C’è un nuovo libro di Loredana, Questo trenino a molla che si chiama il cuore. La collana è Contromano di Laterza, che si occupa dello spirito dei luoghi rivelato tramite la scrittura (ne avevo già letto qualcuno, quello di Carofiglio su Bari, della Stancanelli su Firenze, e poi Vento forte tra Lacedonia e Candela di Franco Arminio l’ho anche citato in Febbre verde).
Ci sono dentro tante cose, nel Trenino, legate tra loro da fili a volte invisibili ma tesissimi. C’è la descrizione di una terra di confine, la valle del Chienti tra Marche e Umbria, che è anche confine tra vita e morte, terra di mezzo tra ciò che è stato e non sarà più e ciò che poteva essere e invece è stato travolto dalle scosse del terreno, da un’idea balzana di futuro. C’è un bilancio personale rispecchiato nel profilo apparentemente immutabile del luogo natale, mutato a forza dalla catastrofe “naturale” prima (il terremoto del ’97) e da quella innaturale dopo (la devastante superstrada della Quadrilatero): quindi l’illusione di un tempo immobile e ciclico che viene sfregiato da un’illusione ben più maligna, quella di un progresso declinato nelle ben note forme dello sfruttamento a tappeto del territorio (se vogliamo, l’illusione delle piccole vite e delle grandi opere). C’è un senso di responsabilità nei confronti delle memorie proprie e altrui, estratte dalle falde di quello stesso (o stessi) tempo(i) che si rincorrono, slittano, si frantumano e infine sovrappongono in un palinsesto inestricabile di segni, dove si nominano e ricordano ogni fonte, ogni morte, ogni evento sismico della terra e del cuore, storie di famiglia e di contrada fuse con la Storia, morti passati, viventi transitori. C’è l’atto sacro e pericoloso del conferire un nome, dello scegliere un’identità. C’è, soprattutto, il ricordo di Chiara Palazzolo, che ispira a Loredana le pagine più commosse, brucianti, ed è il vero nume tutelare dei percorsi esoterici e sciamanici sui monti Sibillini. Suo è il volto che si sovrappone a quello di tutte le dee e profetesse che hanno il potere della parola e la facoltà di circolare tra i mondi (poi normalizzate dall’agiografia di sante e madonne – ma non sono in fondo i racconti di miracoli un sottogenere della letteratura fantastica?).

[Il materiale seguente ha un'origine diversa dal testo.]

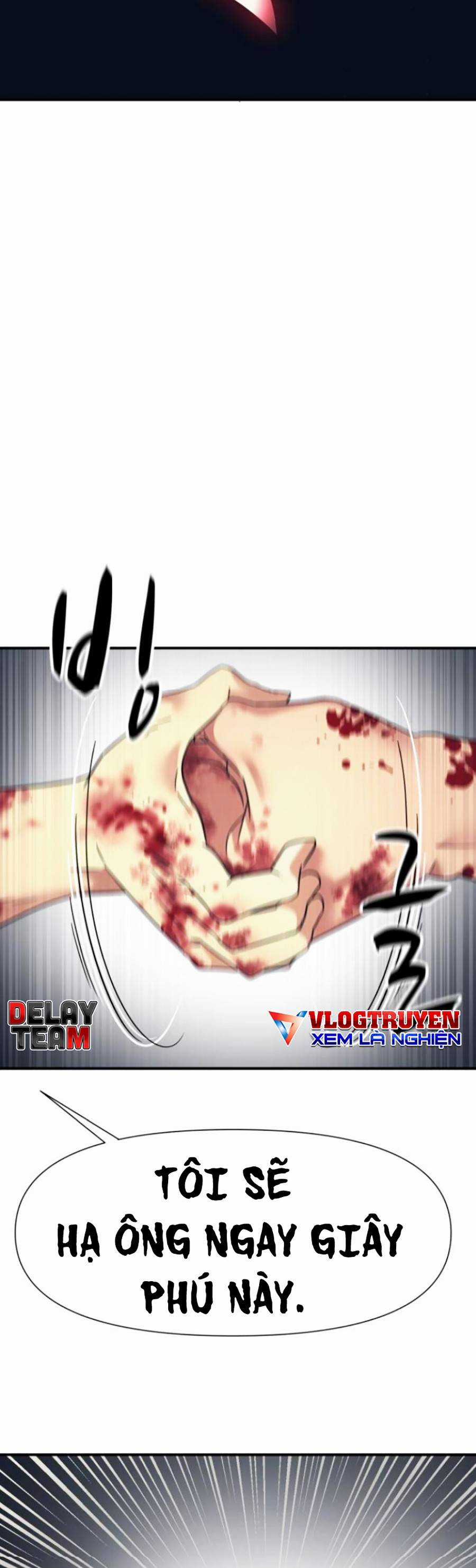 Sóng Ngầm - Chapter 13 - Trang 46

C’è infine, a collegare il tutto, a tentare un bilancio, la dialettica tra la mission della collana (corpo in luogo a testimoniarlo) e il tema segreto (in ogni senso) del saggio, l’eteronimia (e quindi la sottrazione del corpo, la sua metafisica assenza). Perché qui l’autrice fa il suo coming out e rivendica di essere stata, negli anni, una e bina, la saggista della trilogia femminista e la scrittrice della trilogia demonica, Loredana Lipperini e (è) Lara Manni. E allora il compianto per la (Serra)valle perduta è quello per Chiara e Lara, sorelle di immaginazione e di tenebre, morte lo stesso anno fatidico. I cambiamenti dei luoghi e dell’anima sono irreversibili, e non si ritorna dalla morte, come fece Mirta-Luna. Ma ci si può riconciliare con la propria casa abbandonata, e col proprio doppio.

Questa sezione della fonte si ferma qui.